The end of a Goldilocks economy was clearly on the minds of people Grantham met on his world tour. Everywhere he traveled he was asked “What is the catalyst for a (market) break” when none was then visible or imminent? He answered citing these vulnerabilities: rising inflation (that’s greater than reported) constraining central bank support for a weakening economy, pointing to the US as an example. This, in turn, will slow economic activity and reduce profit margins that are still way above global norms but will come down.

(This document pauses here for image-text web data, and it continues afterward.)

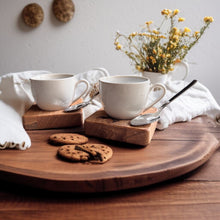 Lade das Bild in den Galerie-Viewer, Espressogedeck creme mit Henkel und "schwebendem Löffel"
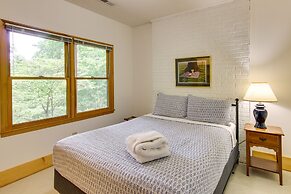 Relaxing Saluda Home Near Waterfall Trails!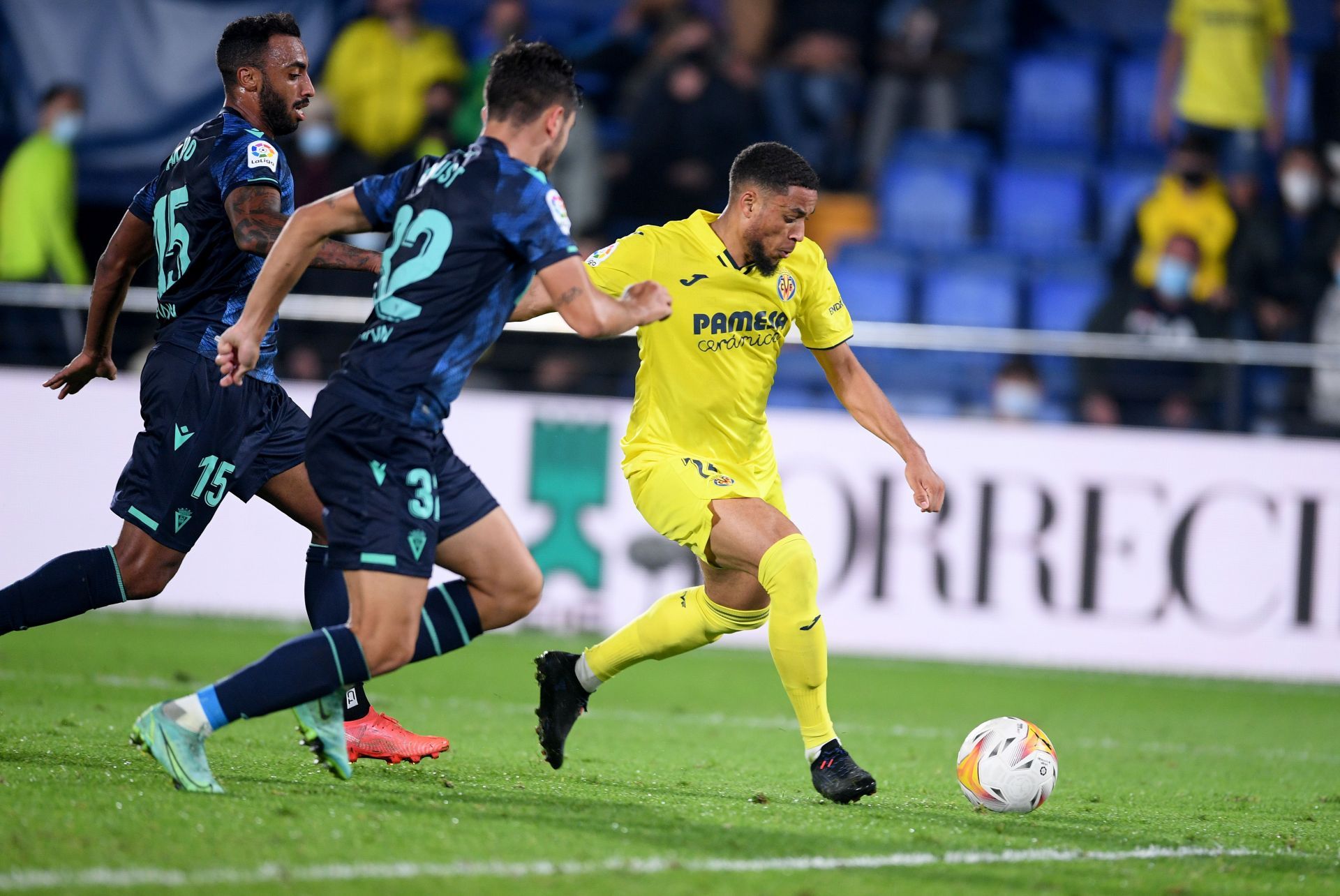 Villarreal CF v Cadiz CF - La Liga Santander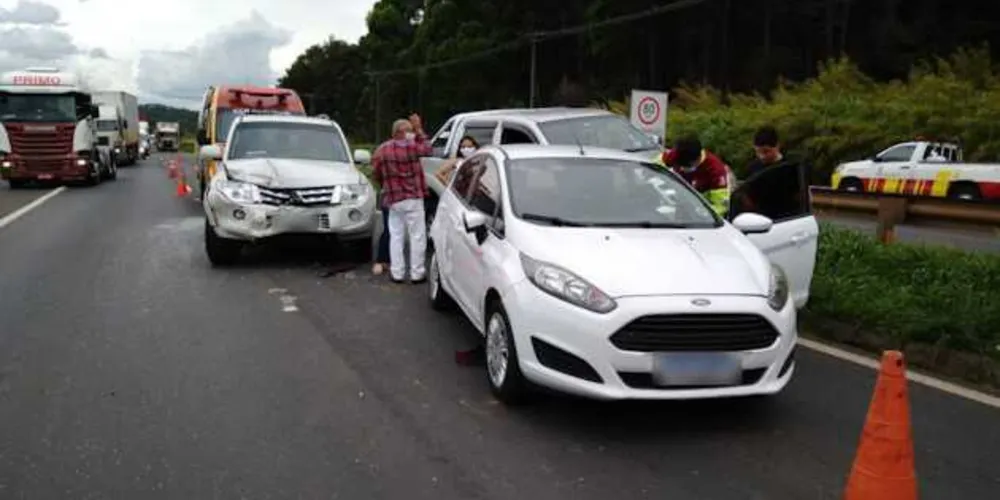 Colisão envolveu um Ford Fiesta, uma Mitsubishi Pajero Full, uma Toyota Hilux e um Ford Escort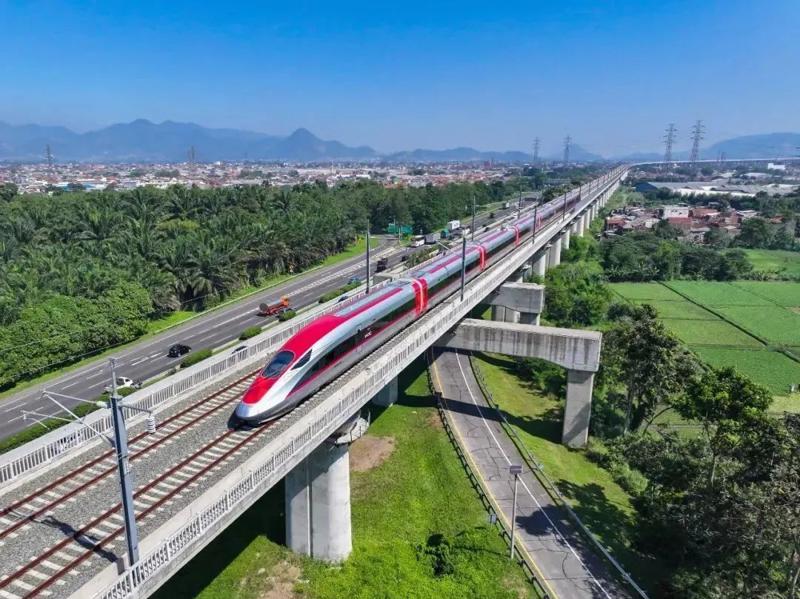 Bộ Xây dựng đề xuất nhiều chính sách đặc thù triển khai dự án đường sắt tốc độ cao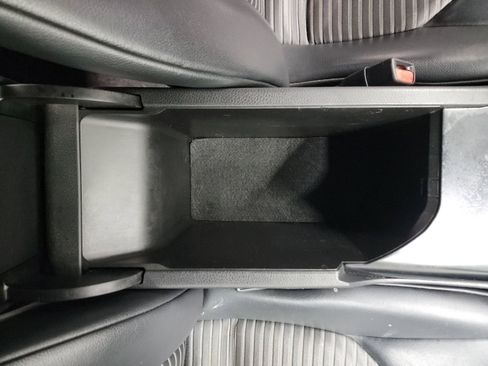Used 2019 Toyota Camry SE w/ Carpet Mat Package image 28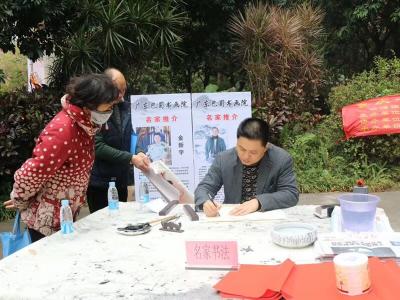 金新宇日记-近日，为送文化下乡，书画进万家，在室外温度只有5度的天气中站着挥了半天毫！整到几【图1】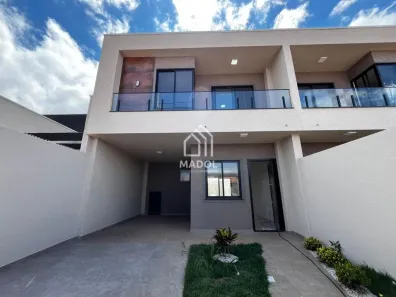 Sobrado com 3 Quartos à venda, 110m² no Uvaranas, Ponta Grossa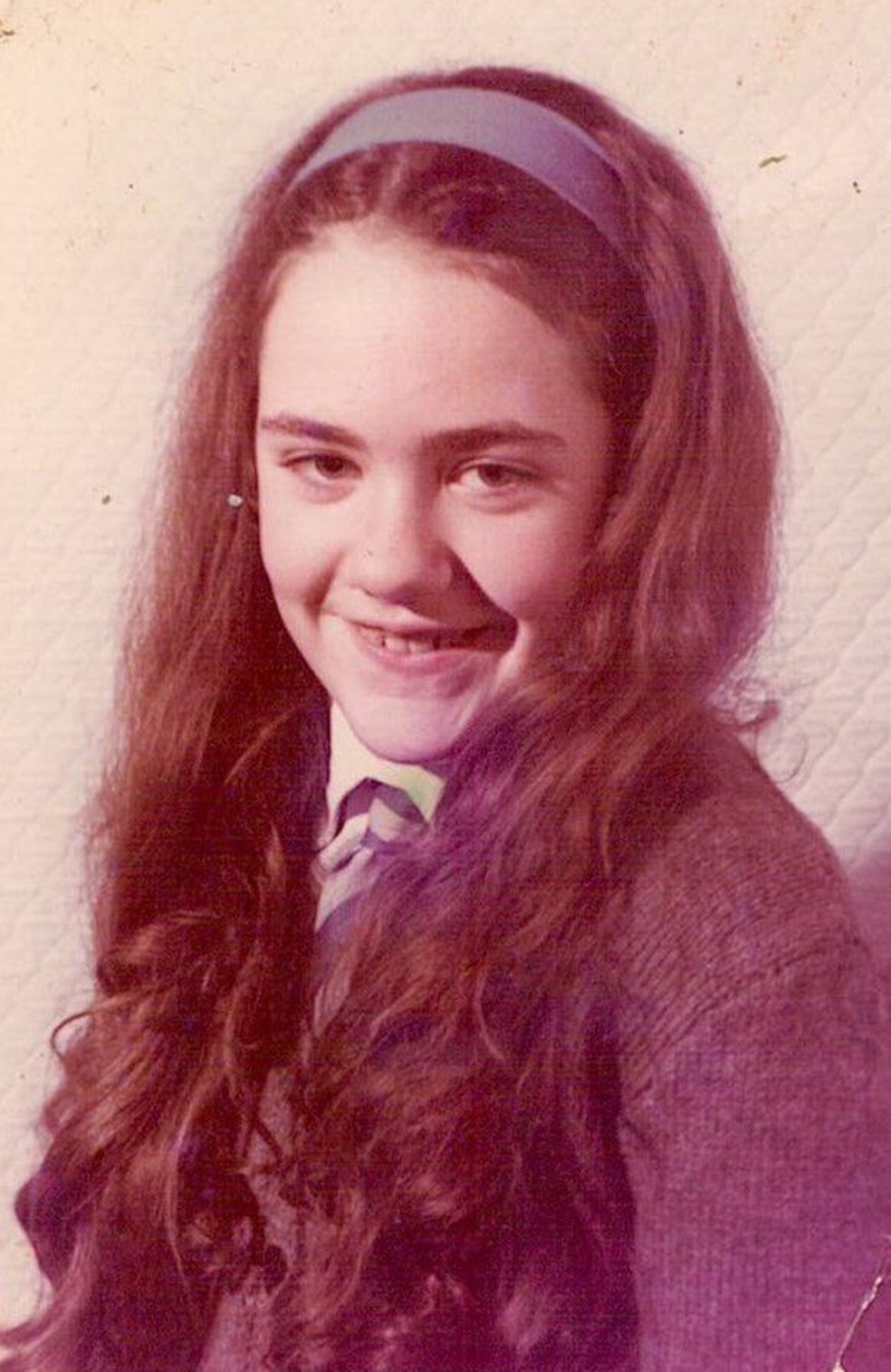 Marie McReady perdeu a voz aos 13 anos sem que os médicos conseguissem explicar a razão — Foto: Arquivo pessoal/BBC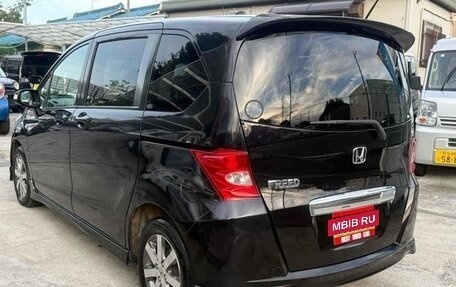 Honda Freed I, 2014 год, 800 000 рублей, 7 фотография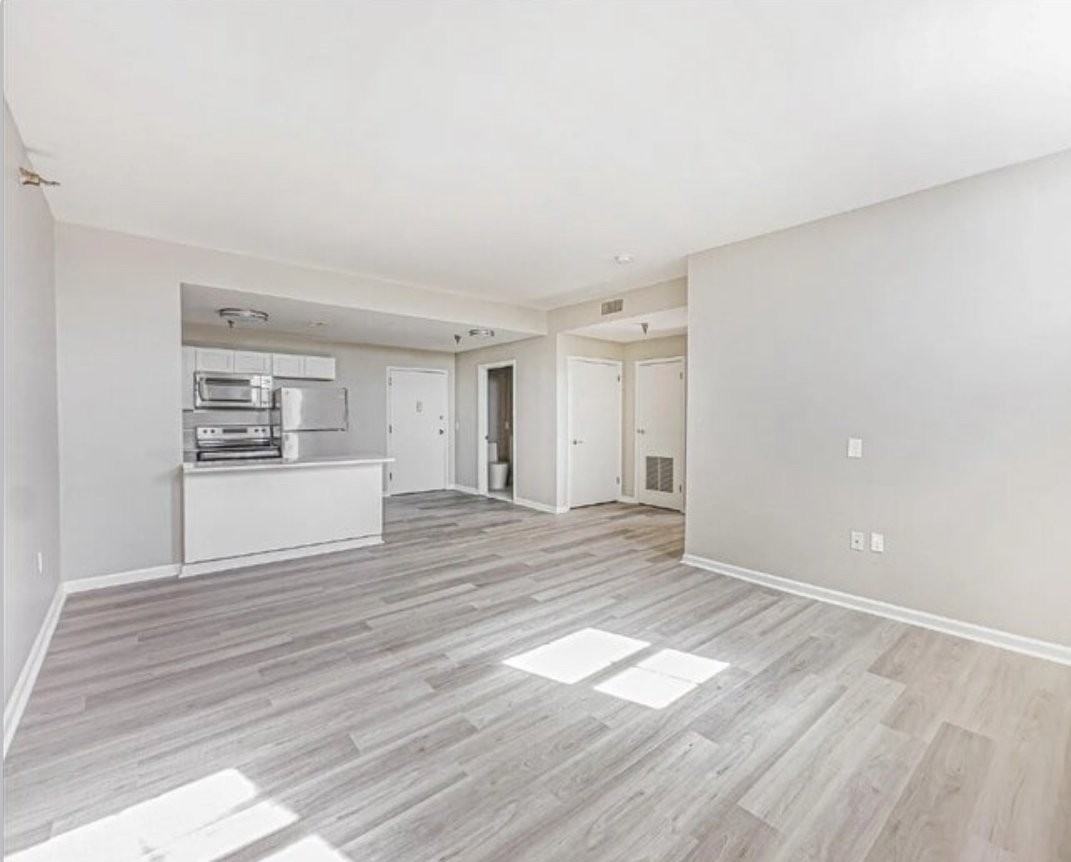 150 N 4th St #202 - Photo 3 of 16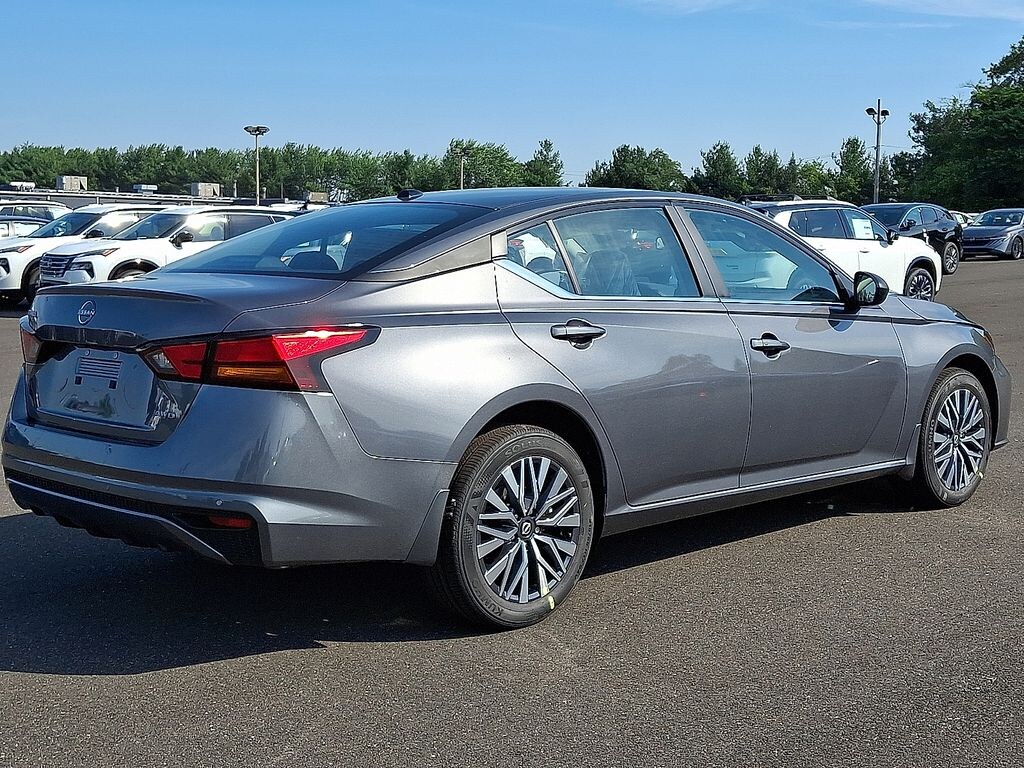 New 2026 Nissan Altima SV Sedan
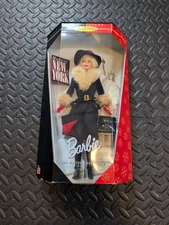 1998 Barbie City Season Collection  Winter In New York Collection Mattel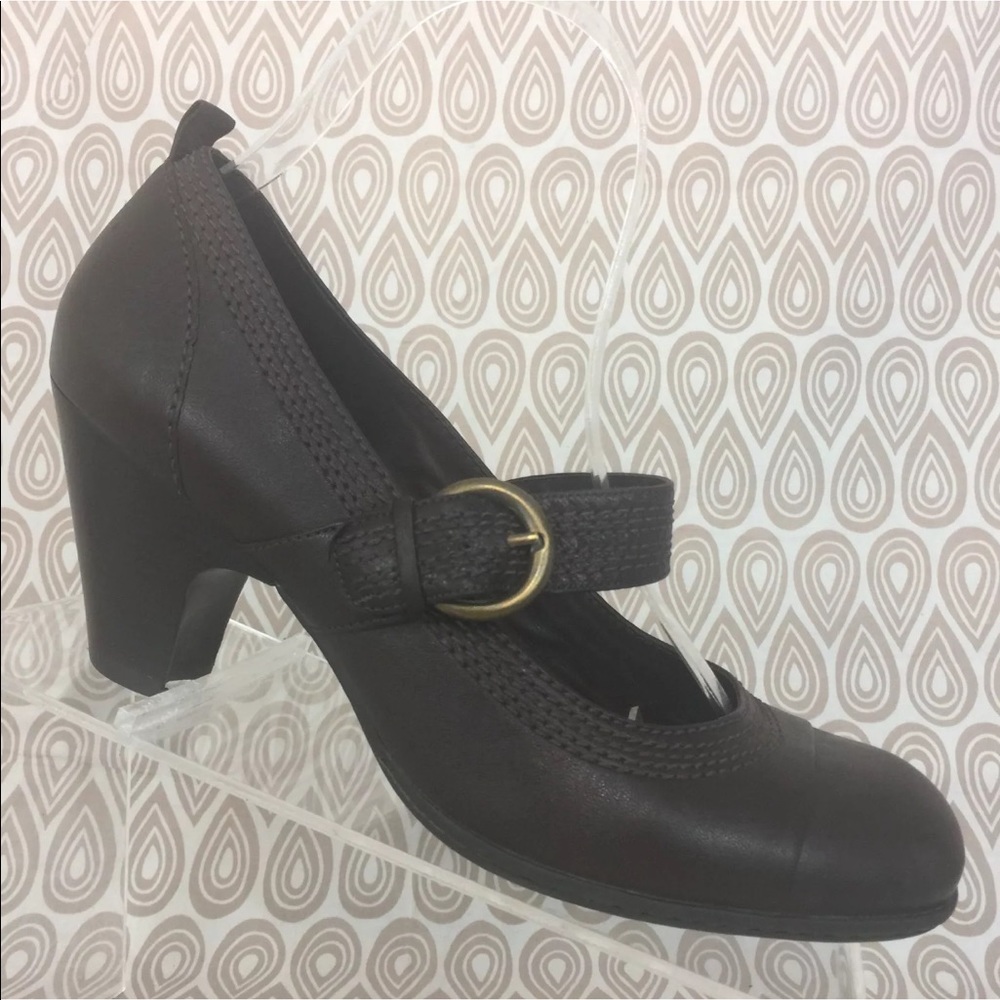 Nurture Ivy Women Brown Mary Jane Heel SZ 8 M S357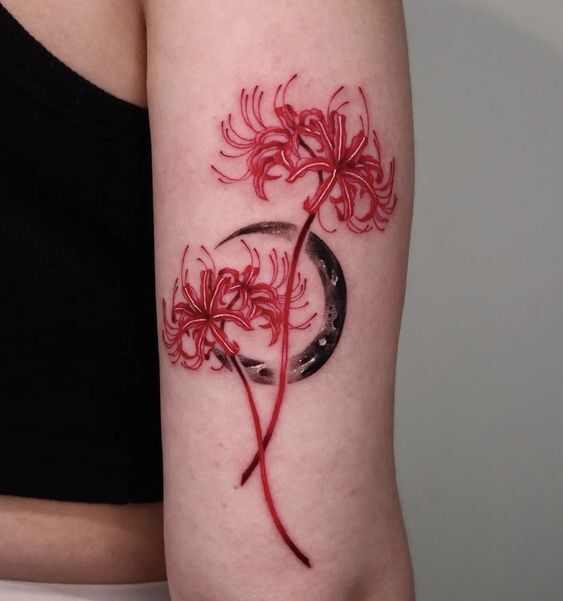 Tattoo hoa bỉ ngạn và trăng khuyết ở tay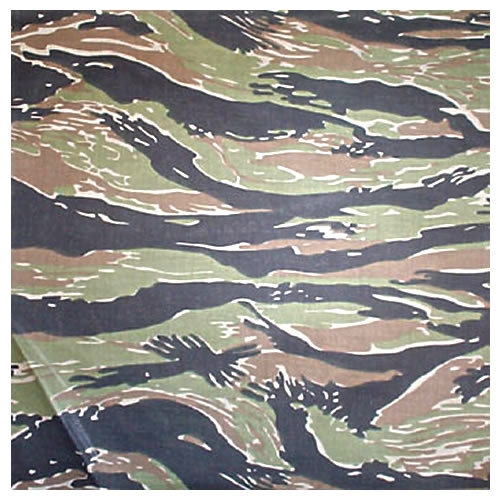 Šatka 68 x 68 cm JUMBO TIGER STRIPE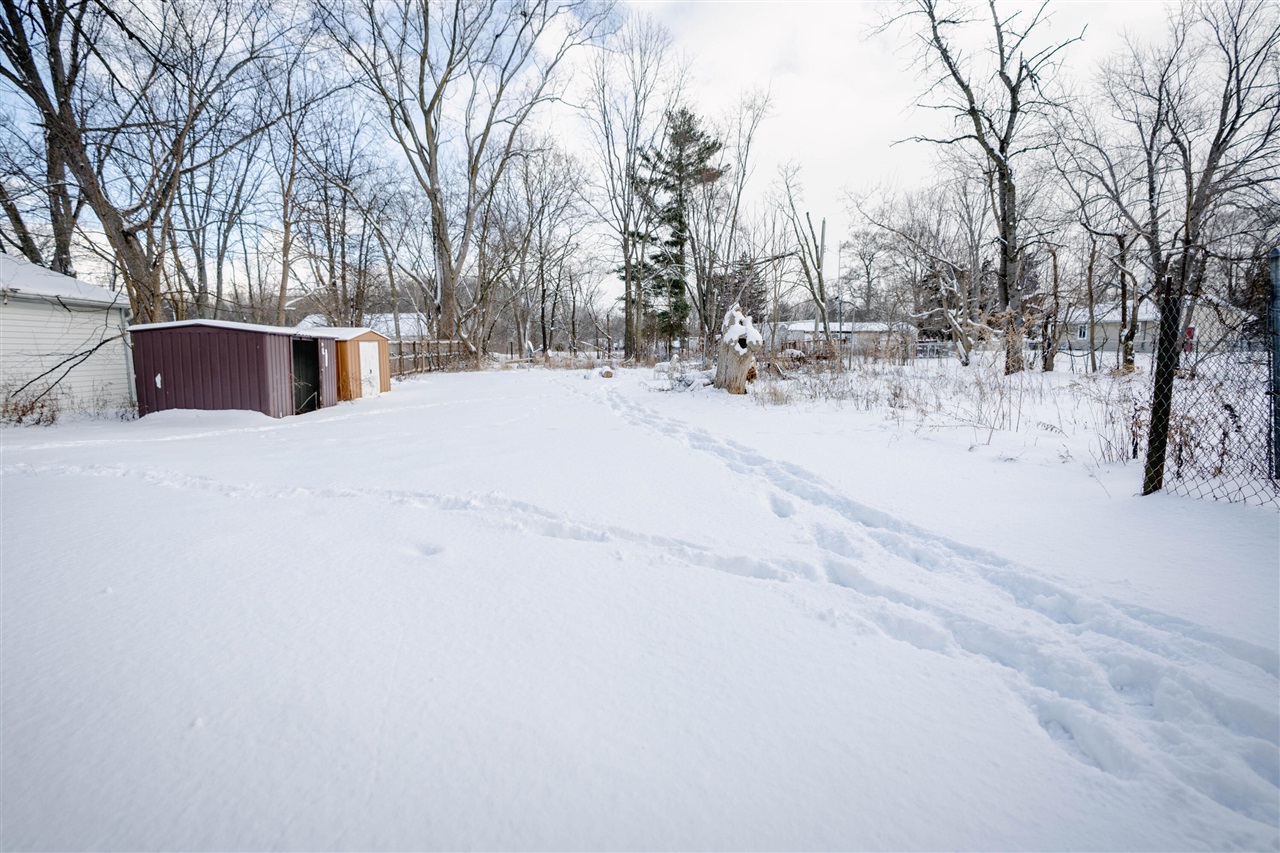 5017 Christiansen Road, Lansing, MI, 48910-5180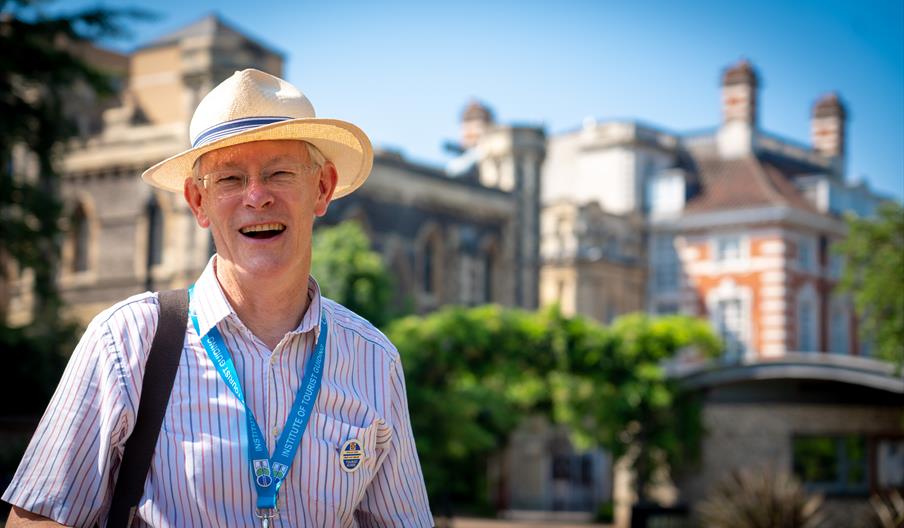 Blue Bade Guide Graham Horn in Forbury Gardens, Reading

Then there’s the housing decline a Center for Economic Policy Research (CEPR) report shows is the result of overbuilding and home prices rocketing 70% in value since 1995 adjusted for inflation. It “created $8 trillion in housing bubble wealth” and an unprecedented oversupply of unsold homes and “vacant ownership units.” CEPR believes the coming housing bubble correction “is likely to throw the economy into a recession and quite possibly a very severe (one).”
It notes housing construction has to decline, and revaluing $8 trillion in housing wealth excess will reduce consumption and bring saving rates “back to more normal levels.” Consumers need all they can get because, at today’s elevated prices, the average potential home buyer can’t afford one, and, as one analyst observed, lenders are relearning how to say “no.”
Current economic conditions worry PIMCO’s Bill Gross as well. PIMCO is a 36 year old firm and “one of the largest specialty fixed income managers in the world.” Gross is one its founders and serves as managing director and chief investment officer. In his July Investment Outlook, he said people are “looking for contagion in all the wrong places.” The Bear Stearns and other hedge fund losses are “now primarily history (and) can be papered over with 100 cents on the dollar marks.” The real problem lies in “those millions and millions of homes….not going anywhere….except for their mortgages….going up, up, and up….and so are delinquencies and defaults.”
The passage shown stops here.